Frigga: »Ein Spiegelbild?«

Patrick: »Ein Bettvorleger.«

Jana: »Ich schließ’ mich dem Spiegelbild an.«

Thomas: »Reden wir vom Affen aus Kubricks ›2001‹ oder aus Schaffners ›Planet der Affen‹?«

Steffen: »Weder, noch. Wir reden von Nietzsches ›Also sprach Zarathustra‹.« Er trank einen beträchtlichen Schluck Weizen und zündete zwei Zigaretten an, eine für sich, eine für Frigga, die neben ihm saß. Hier im Schlupf hatte er sie auf den Geschmack gebracht.

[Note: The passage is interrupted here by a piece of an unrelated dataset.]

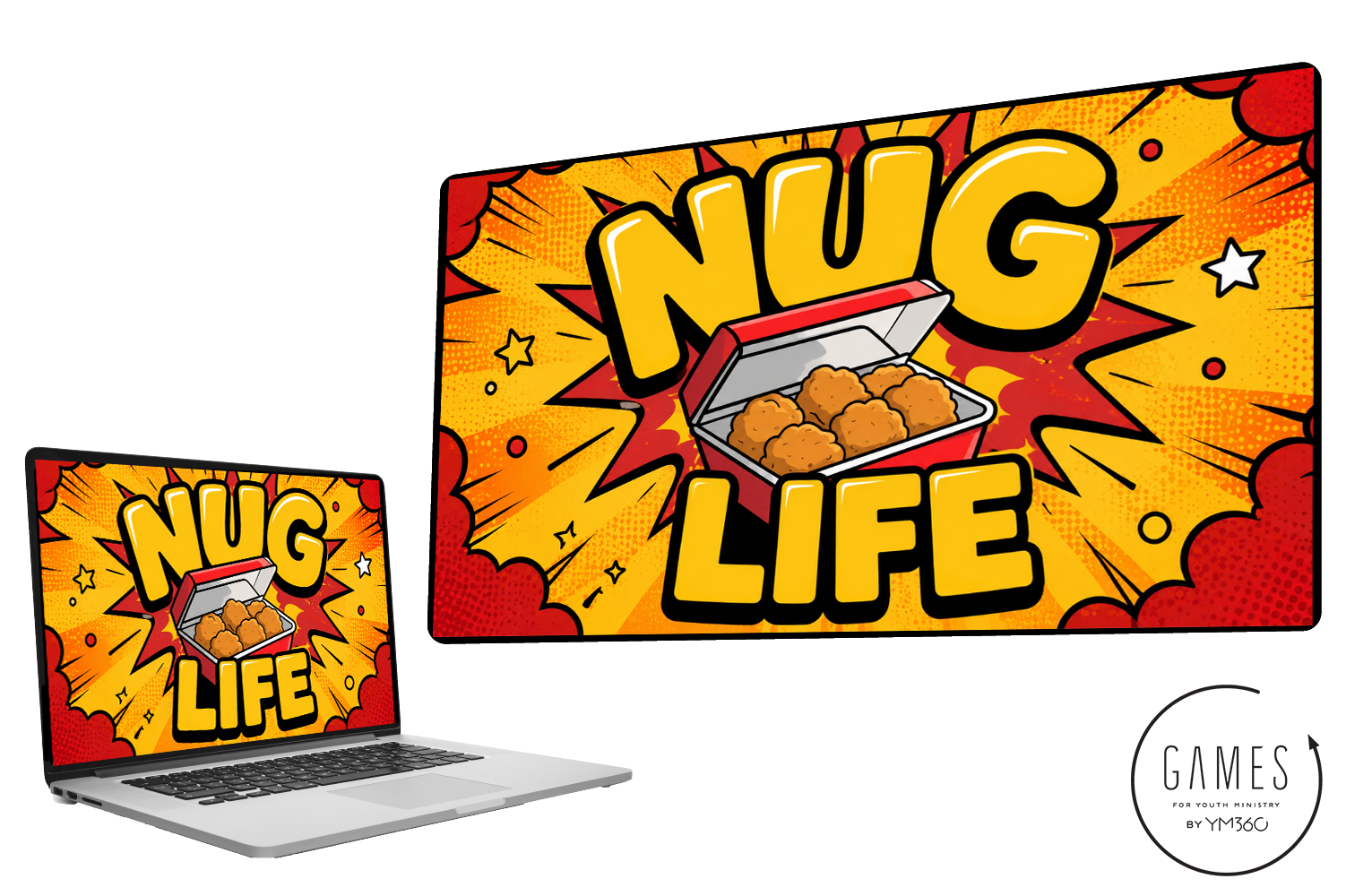 Nug Life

Frigga: »Danke. Was ist denn jetzt der Affe für den Menschen?«

Steffen: »Zarathustra sprach: ›Ein Gelächter oder eine schmerzliche Scham. Und eben das soll der Mensch für den Übermenschen sein: ein Gelächter oder eine schmerzliche Scham.‹«

Jana: »Klingt nach Faschismus.«

Steffen: »Als es Faschismus wurde, war Nietzsche längst tot, also hör mir mit der Stigmatisierung auf! Bei Zarathustra geht es um die freie Entfaltung des Geistes, um schöpferische Stärke und den unbändigen Willen zur Macht. Wenn es einen Grund gibt, warum wir auf diesem Planeten sind, dann, dass wir uns ohne jede moralische Einschränkung austoben sollen, und wenn diese Komödie von Gymnasium vorbei ist, dann zeigen wir dem Planeten, wozu wir gemacht sind!« Er sprach auf überschwängliche, prophetische Weise, was dem Alkohol geschuldet sein mochte, aber auch häufig nüchtern der Fall war. An anderen Tagen konnte seine Stimme wiederum so zaghaft sein, dass man meinte, mit zwei verschiedenen Personen zu reden.

An jenem Abend ließ das Abitur nur noch ein paar Wochen auf sich warten. Für Frigga, die nebenbei das Trennungsdrama ihrer Eltern auszublenden versuchte, und die meisten anderen ihres Jahrgangs bedeutete das: Lernstress, verspannte Nacken und das Bedürfnis, sich zum Ausgleich das Hirn wegzusaufen. Nur Steffen tat so, als würde ihn der ganze Schultrubel nicht betreffen. Das Hirn soff er sich trotzdem weg.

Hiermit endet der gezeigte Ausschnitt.